Data extract —
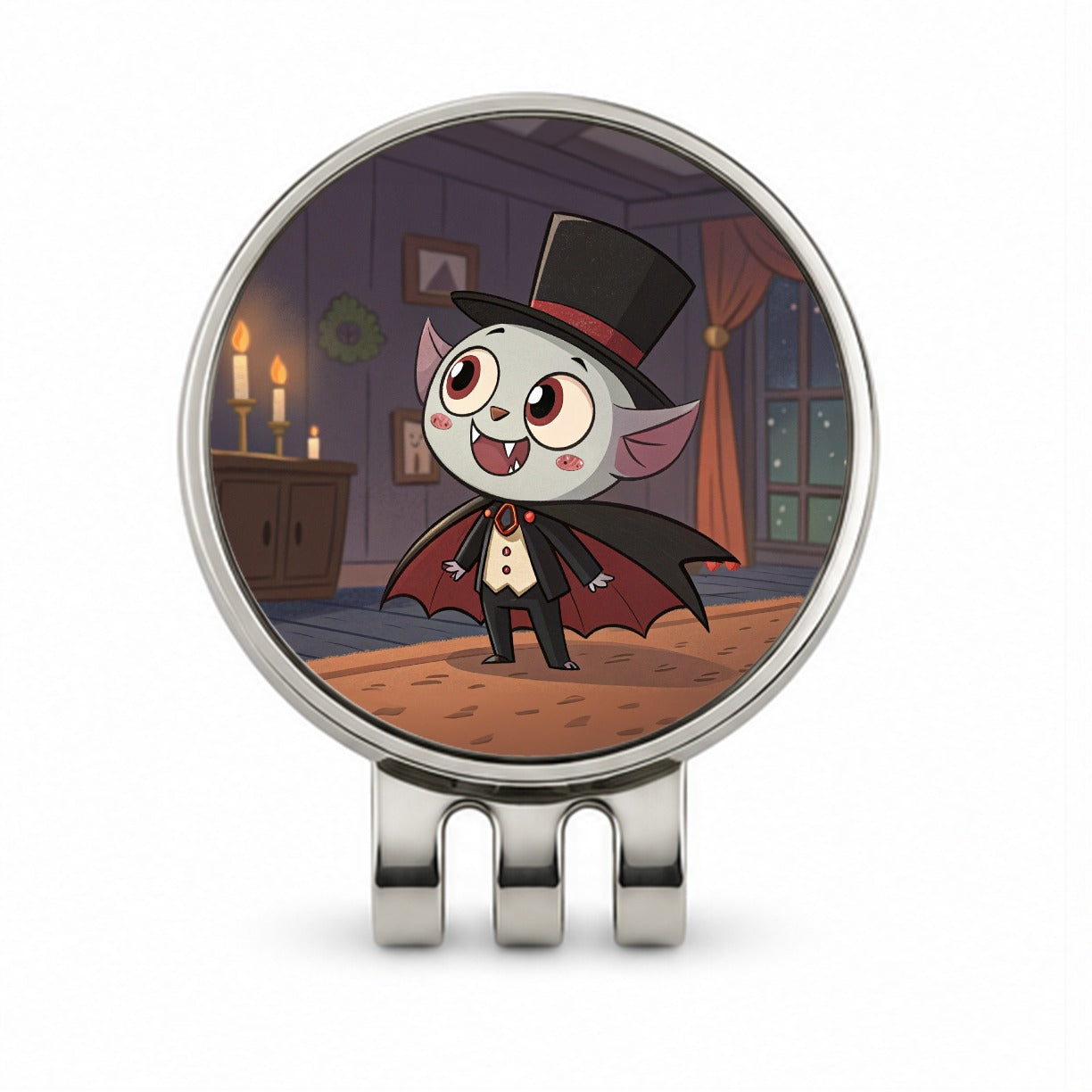 Kawaii Vampire Golf Hat Clip with Ball Marker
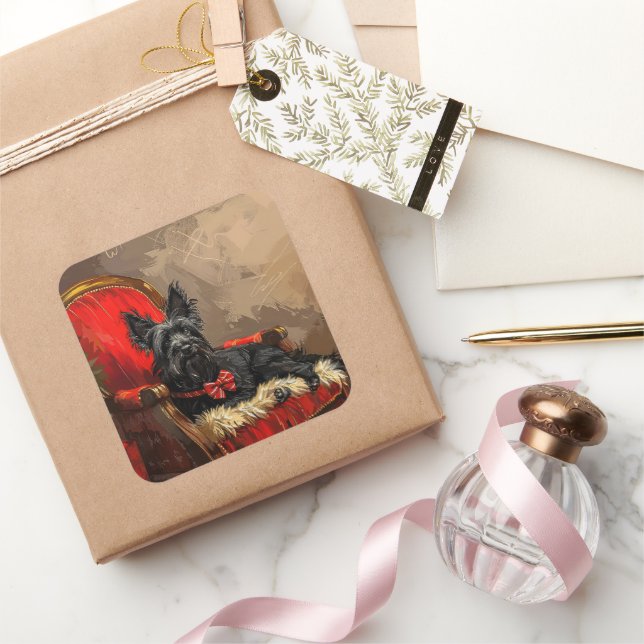 Skye Terrier Dog Weihnachtsfest Quadratischer Aufkleber (Schenken)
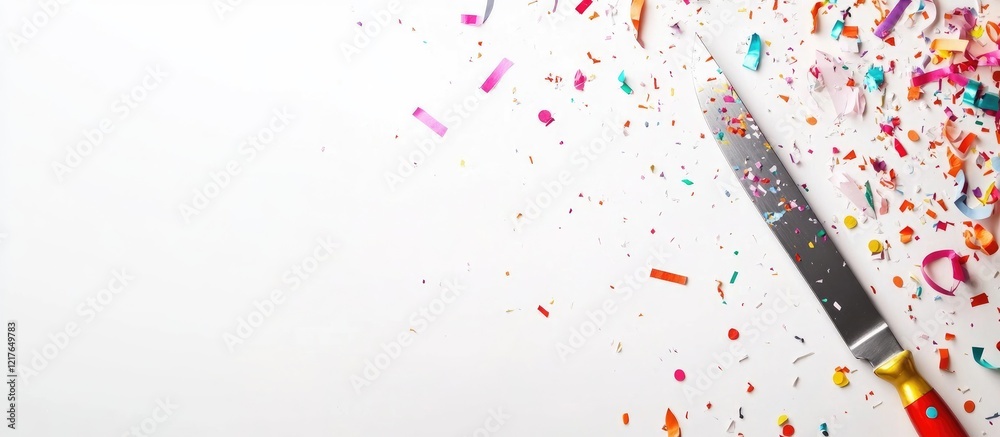 Poster blade and colorful confetti on bright background with copyspace for creative text and celebration th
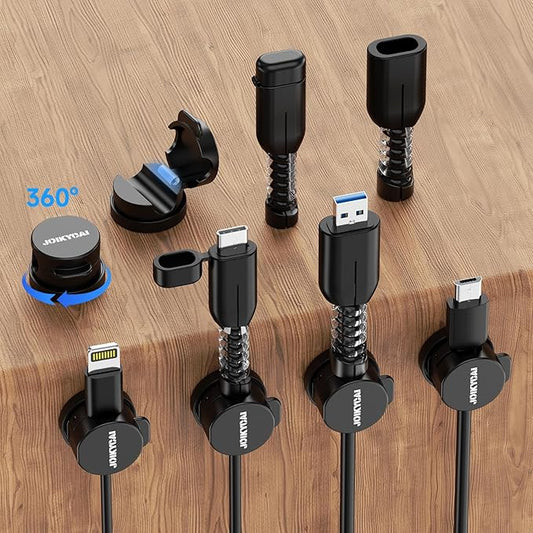 6 Desktop Cord Organizer Magnetic Spring Cable Clips Rotatable Cord Holder 2 Charging Cord Protecors for Nightstand Phone Charger Organizer Computer Desk Cable Management Appliance Adhesive Wire Strap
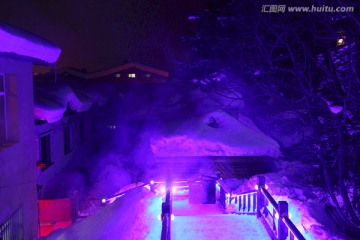 雪乡 夜景 风景 雪景 冬景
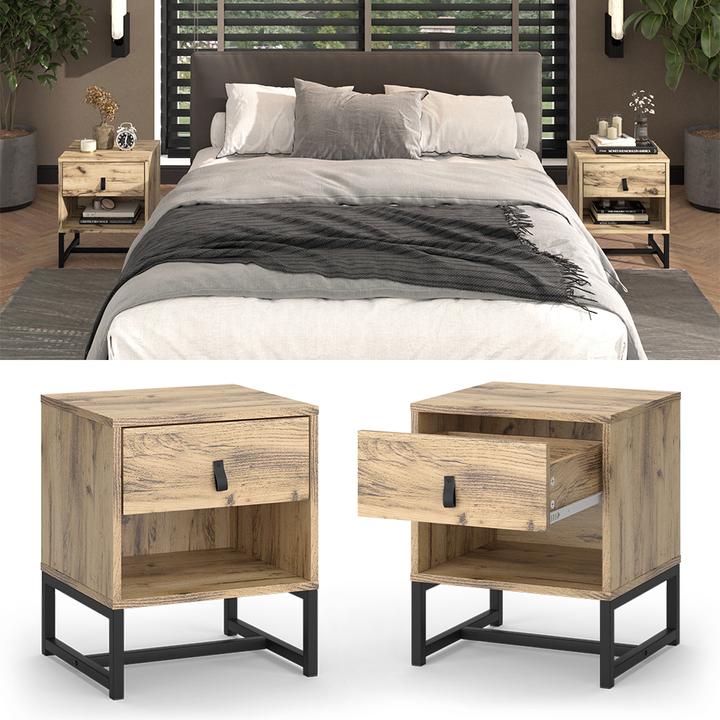 Actual product image Vicco Nachttisch Ezra, Eiche, 39 x 47 cm 2er Set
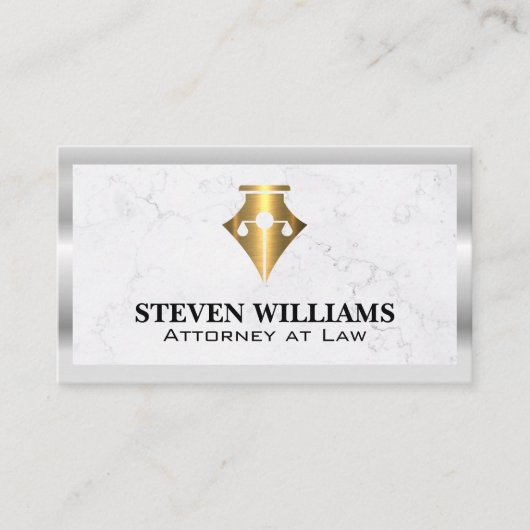 ジャスティスはかりで測 |大理石 |金ゴールドペンのロゴ 名刺 (正面)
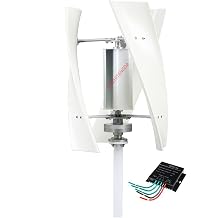 Noise Vertical Axis Wind Turbine Generator, 1000W Wind Turbine Vertical 12V 24V 48V MPPT Controller for Home Street Lighting White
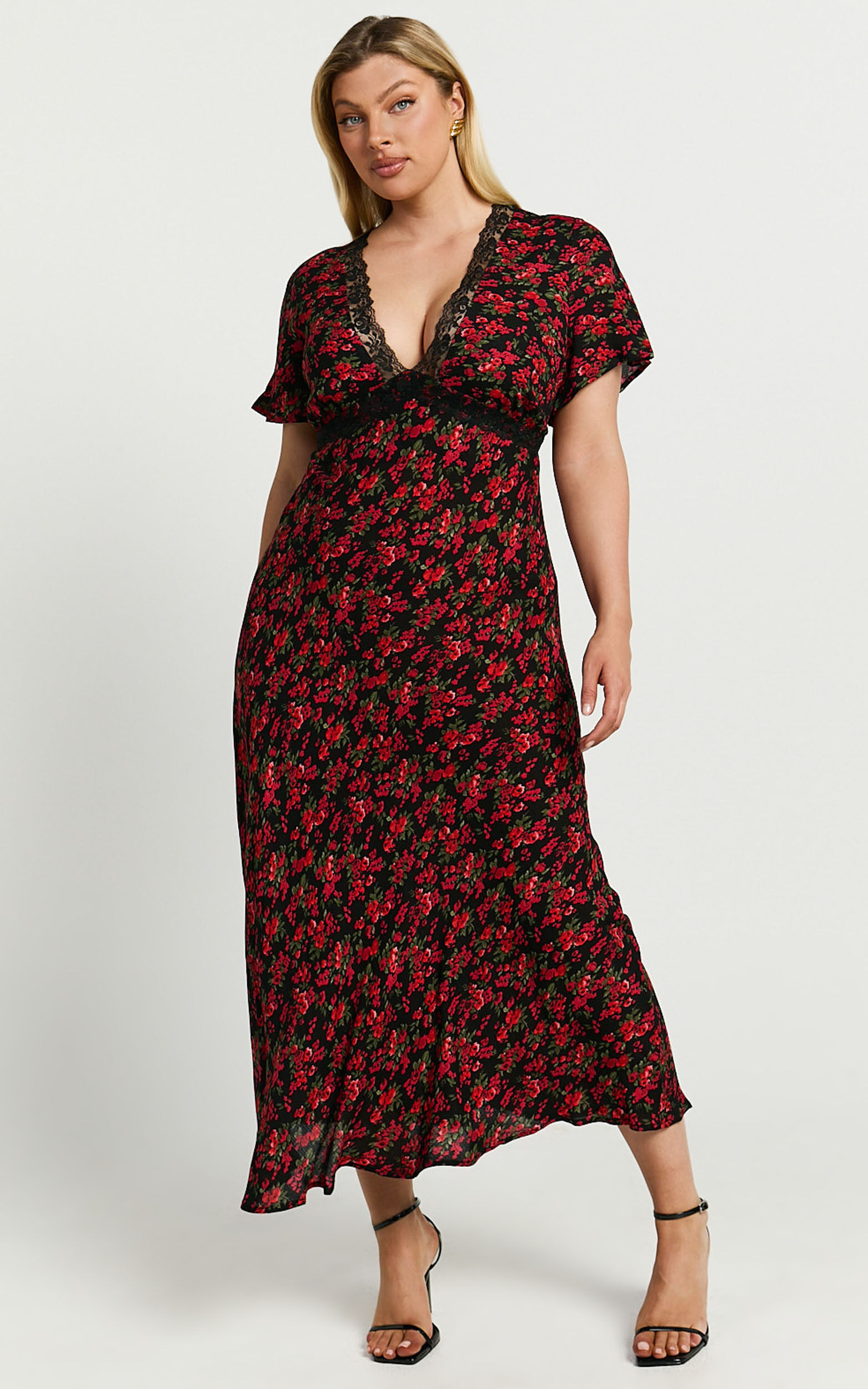 Vanya Midi Dress - V Neck Short Sleeve Lace Trim Tie Back Slip Dress in Black Floral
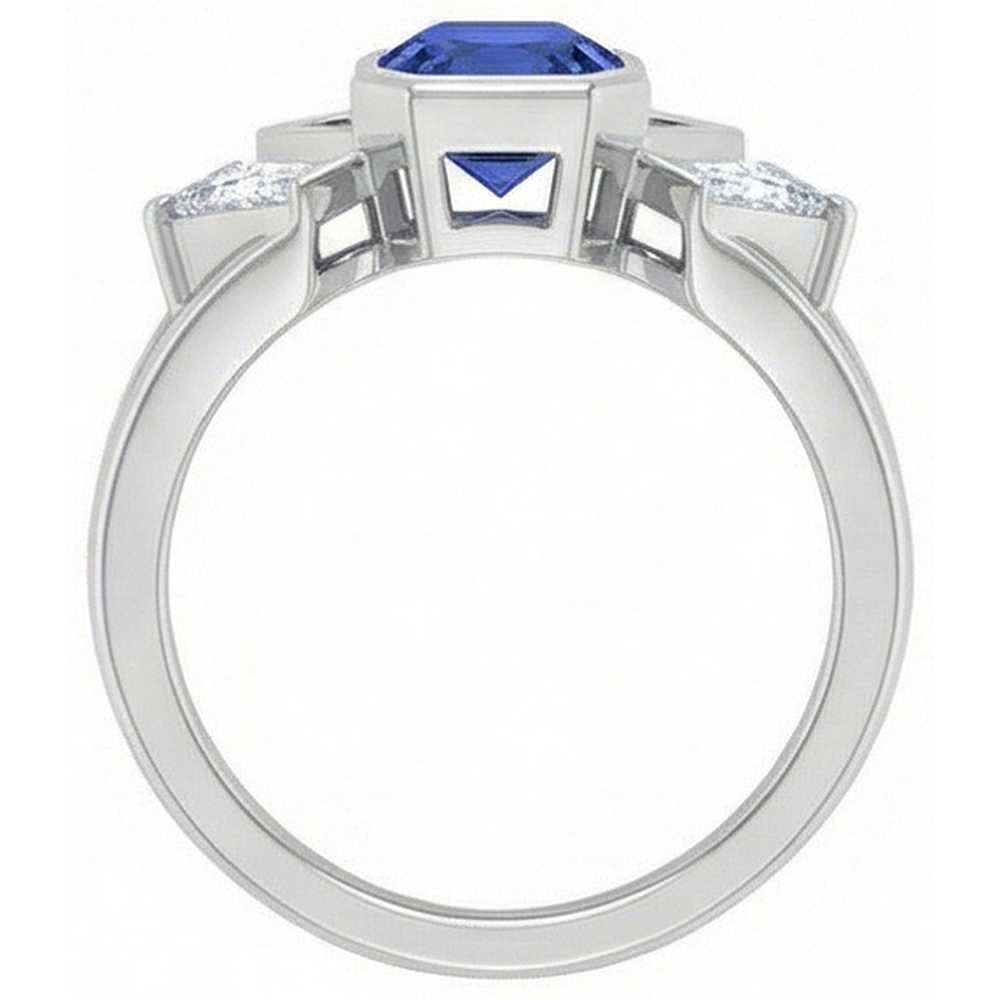 naturel radiant saphir 2.50carats bague vue de profil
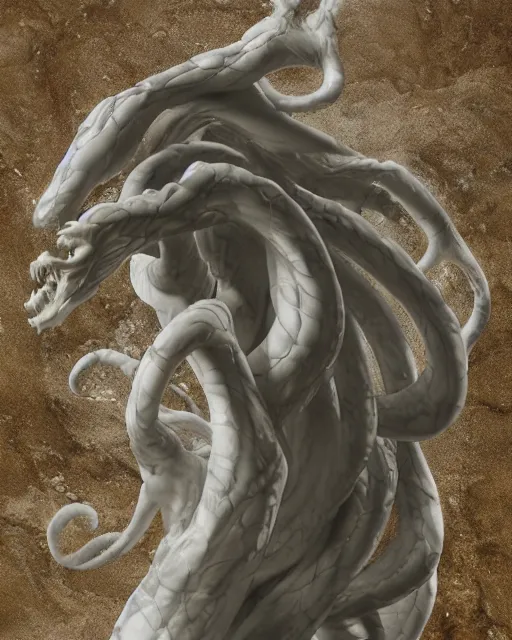 Image similar to an old marble statue of a hydra from herculean myths, hyper realistic, 4 k, grainy marble, hyper detailed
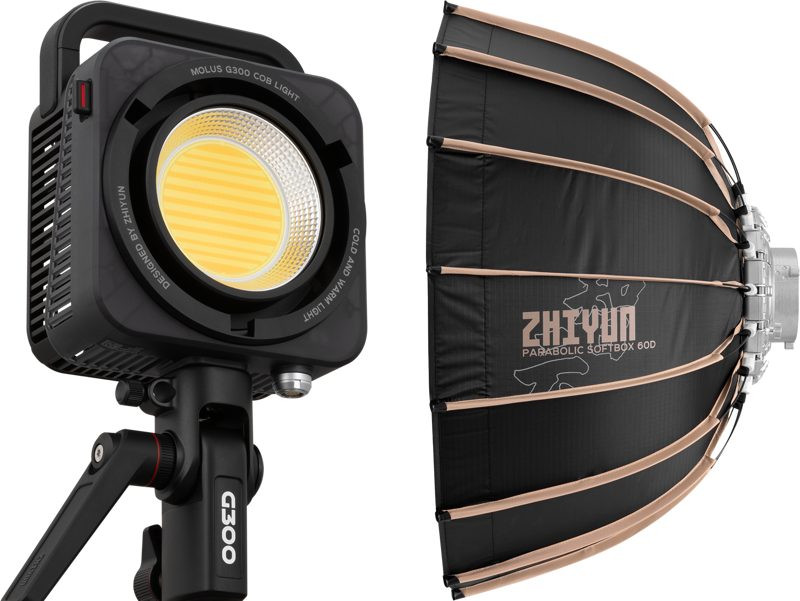 Zhiyun Molus G300 Lampa LED COB Bicolora, 300W, Modul MAX Extreme 500W, 2700K-6500K, Montura Bowens, Softbox Parabolic 60cm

Exercise directions —
In the listing above, find the line with "Noise Vertical Axis" and the line with "naturel radiant saphir". Set down both and every line between them, minus the pictures.

Written reply —
 Noise Vertical Axis Wind Turbine Generator, 1000W Wind Turbine Vertical 12V 24V 48V MPPT Controller for Home Street Lighting White
 Vanya Midi Dress - V Neck Short Sleeve Lace Trim Tie Back Slip Dress in Black Floral
 naturel radiant saphir 2.50carats bague vue de profil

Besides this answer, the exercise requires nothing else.